The Mind Has Mountains
Tom Norris has problems of his own, and chief among them is: who is he? It is a time of general stress and strain, for Tom is Assistant Education Officer to the South Sussex Council, and the County Hall, long threatened by wind and rain on its bleak headland, is about to meet its destruction at the hands of a Boundaries Commission. Where can its strange and unnerved inhabitants find another refuge? While Tom pursues his quest for identity and purpose, he reluctantly takes into his office Phoebe Huber, and otherwise rejected member of staff whose meek manner conceals a formidable gift for subversion. Tom begins by feeling sorry for Phoebe, but chaos is her natural element and she is better qualified than Tom to live in it. As little by little she takes possession of him, the South of England is hit by one of the worst blizzards in living memory. The snow blots out the familiar landscape, order breaks down both inside and outside the County Hall, the boundary between reality and fantasy grows indistinct, the wolf returns to the hills.

The Meeting Place
Today I saw the strange woman again. For I am sure this poor ghost is, in fact, a woman. It is true she is dressed as a man, though no man I ever saw dressed in quite this fashion . . . When Clarice Mitchell arrives at an isolated farmhouse to rehearse a production of Pericles, she leaves the well-charted country behind. Entering a world as mysterious as the unregulated, unpredictable moorland, she finds herself in odd company and on the verge of strange discoveries. Who is the middle-aged woman in Victorian costume who watches her. And the wild-haired girl first glimpsed standing in a moorland pool and later on a journey? Why does the shadow of a priory long since gone still fall across the farm where Clarice is staying, and where once her old headmistress used to stay? As the stories of these unusual women interweave across the centuries – disturbing stories of violence and witchcraft, passion and prejudice, during the Wars of the Roses, in stifling Victorian England and in the present day – one woman has to come to terms with the impossible choices of the past.

He Who Plays The King
As a child of seven, Richard of York, the future King Richard the Third, watched an even younger child coping determinedly with a large boarhound. Never again was Richard to have so clear a view of Henry Tudor, who, twenty-six years later, was to cost him his crown and his life at the Battle of Bosworth Field.

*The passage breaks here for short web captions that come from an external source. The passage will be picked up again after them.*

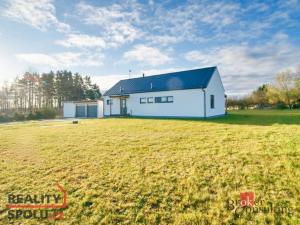 Prodej rodinného domu, Jílovice - Šalmanovice, 204 m2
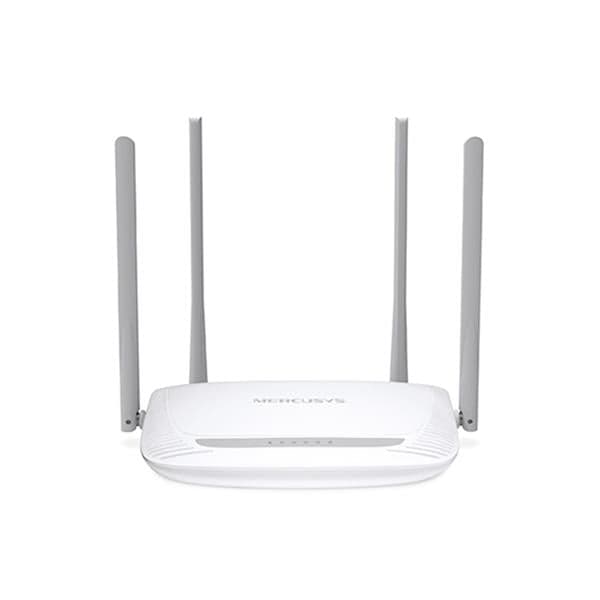 Router Wifi Mercusys By Tp-Link Mw325r 300 Mbps 2.4 Ghz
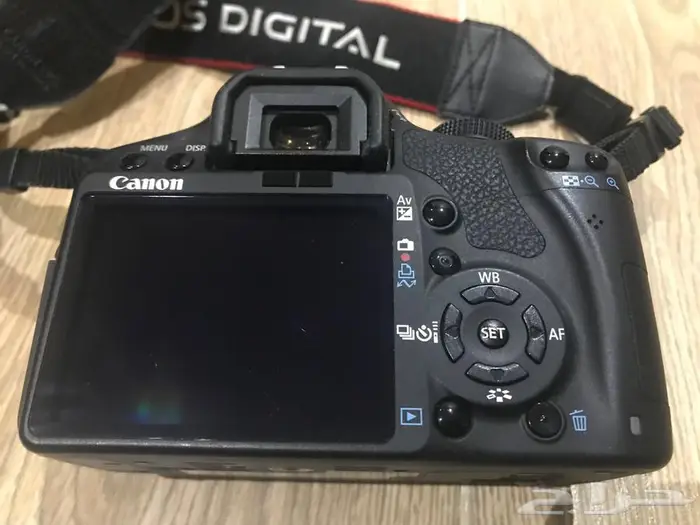 كاميرا Canon camera 4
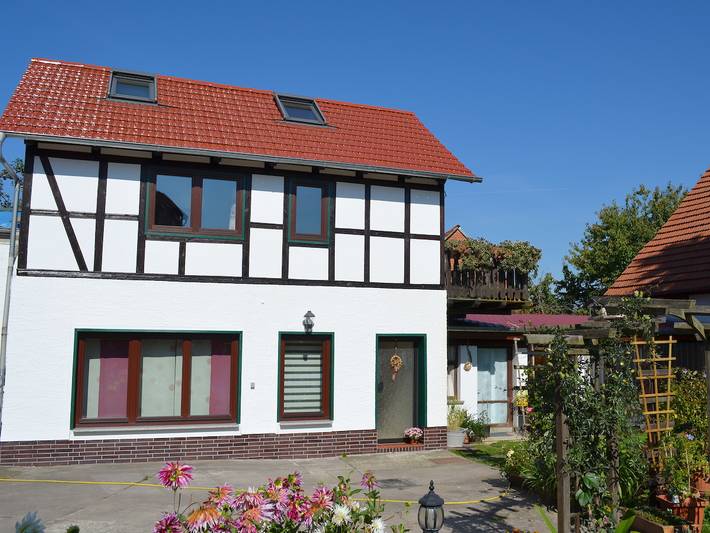 Ferienwohnung für 4 Personen, mit Balkon in Wartburg - 2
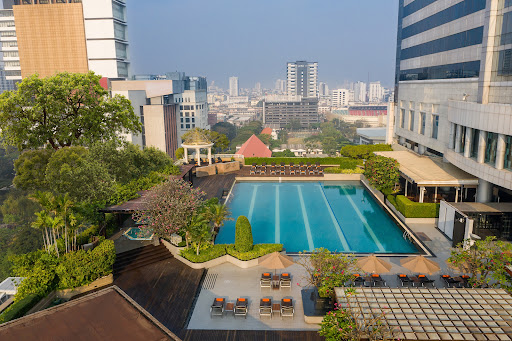 Couples hotels with jacuzzi Bangkok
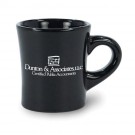 5 1/2 oz Tahoe Vitrified Ceramic Coffee Mug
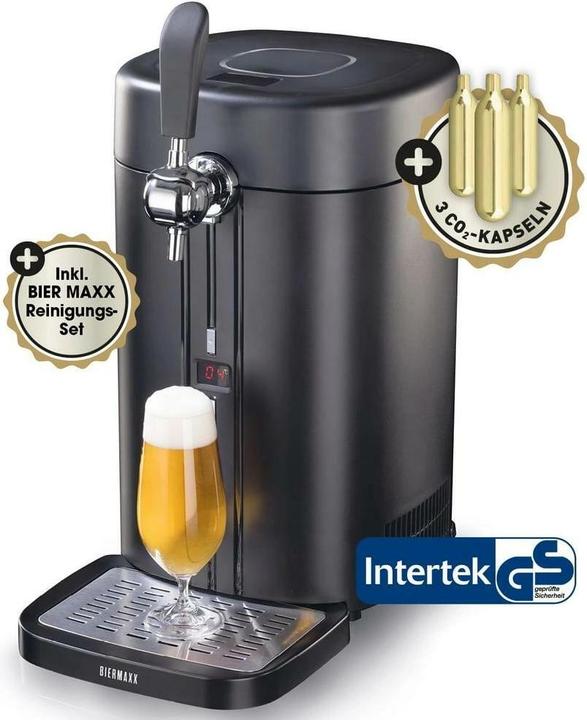 Immagine prodotto Distributore di birra BIERMAXX 60W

Mary Hocking tells a story of kingship and king-making, of the entrenched rivalry between the houses of York and Lancaster, and of the lives of these two young claimants to the throne. Richard, a man of sharp wit and formidable energy, was a vigilant, unrelenting king, with little gift for friendship and only meagre support outside his native North Country. Henry, too, made no bid for popularity. He had learnt early on to expect little of life, and during his years of exile he remained patient, forbearing, yet shrewdly calculating, until the opportunity for action came.

The ‘integrity’ of Henry, the ‘villainy’ of Richard and the mystery of the Princes in the Tower are reassessed in this absorbing novel, which creates a sense of history through convincing portraits of the men and women who made it. Mary Hocking has written not only a record of the last dramatic years of the Wars of the Roses but also a perceptive study of the trials and triumphs of human ambition.